A Methodist mascot named Chippy the Chimp has church kids going ape in Cedar Falls, Iowa, where the puppet is so popular he puts out videos and hosts his own Christmas service.

Officially an "associate pastor" at the First United Methodist Church, Chippy has been helping deliver sermons to the kids since 1998. While not everyone was thrilled at first about having a chimp behind the pulpit, many have come to love him.

"We have a picture of Chippy on our refrigerator," said Nancy Fransdal, who regularly attends services with her husband and two children. "He always has a really clever way of making a clear point."

Pastor Steve Hansen, the man behind the monkey, seemed amazed by the primate's popularity.

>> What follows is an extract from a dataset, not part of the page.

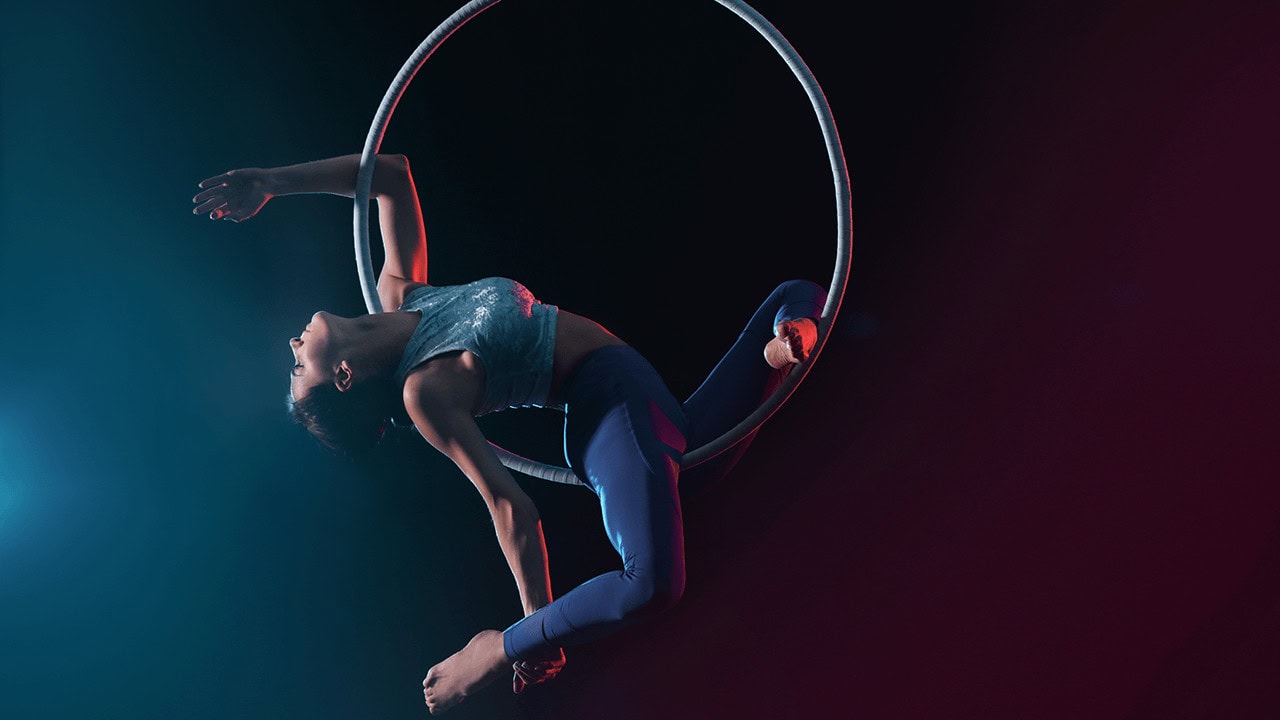 Woman performing aerial hoop dancing on stage hanging from hoop in air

"It's interesting how many people will stop and ask me how Chippy's doing," said Hansen, who "discovered" Chippy on a trip to Waikiki Beach in Hawaii. Hansen found he had a budding star after Chippy's debut at the children's services of his church.

The monkey's video, Chippy Clips, contains short morality lessons about bullies, stealing and violence. Chippy can be somewhat dense, but his misunderstandings about the Bible and its lessons afford Hansen the opportunity to set the record straight and explain confusing concepts to the kids.

"The weird thing is I can understand chimpanzee, but I can't speak it," said Hansen, who "interprets" Chippy's musings since the puppet only makes a squeaking noise when he speaks.

"What people like about it is the humor," Hansen added. "[Chippy's] like the little kid you're nervous about because you know he's going to ask some off-the-wall question or steal the show."

Granted, the chipper chimp took some getting used to.

"We oldsters have a hard time adjusting ourselves to some of the contemporary movement," said Milo Morris, an 81-year-old retired pastor. Some people "just didn't know about this idea of using a life-sized chimpanzee puppet," he conceded.

"Pastor Hansen not only has the gifts and graces of being an outstanding pastor," said Morris. "He's the most multi-talented man I have worked with."

Morris said even Chippy's harshest critics have changed their opinion. But what place does a chimpanzee puppet have in church?

"There's a whole tradition of medieval morality plays that carried out messages of the gospel," said Father James L. Heft, chancellor and professor of faith and culture at the University of Dayton. "People dressed up as figures that embodied the devil or virtue or vice and they were very effective — probably more effective than a traditional sermon."

Heft added that in today's world of short attention spans, entertaining a congregation helps keep the seats filled. "There are a number of priests and ministers and rabbis who are trying different ways to communicate in a culture that's more and more visual than print oriented," he said.

But Heft cautioned that an over-reliance on props like Chippy might dilute some of the Bible's more subtle messages. "For Jews and Christians, The Word is important, so they can't turn everything over to visuals," he said.

However, by striking the right balance between entertainment and education, Chippy and Hansen keep the church packed with their act. Of course, some are still concerned that Chippy might become a bit too popular.

"There are some people who still don't like the church being referred to as the monkey church," Hansen added with a laugh.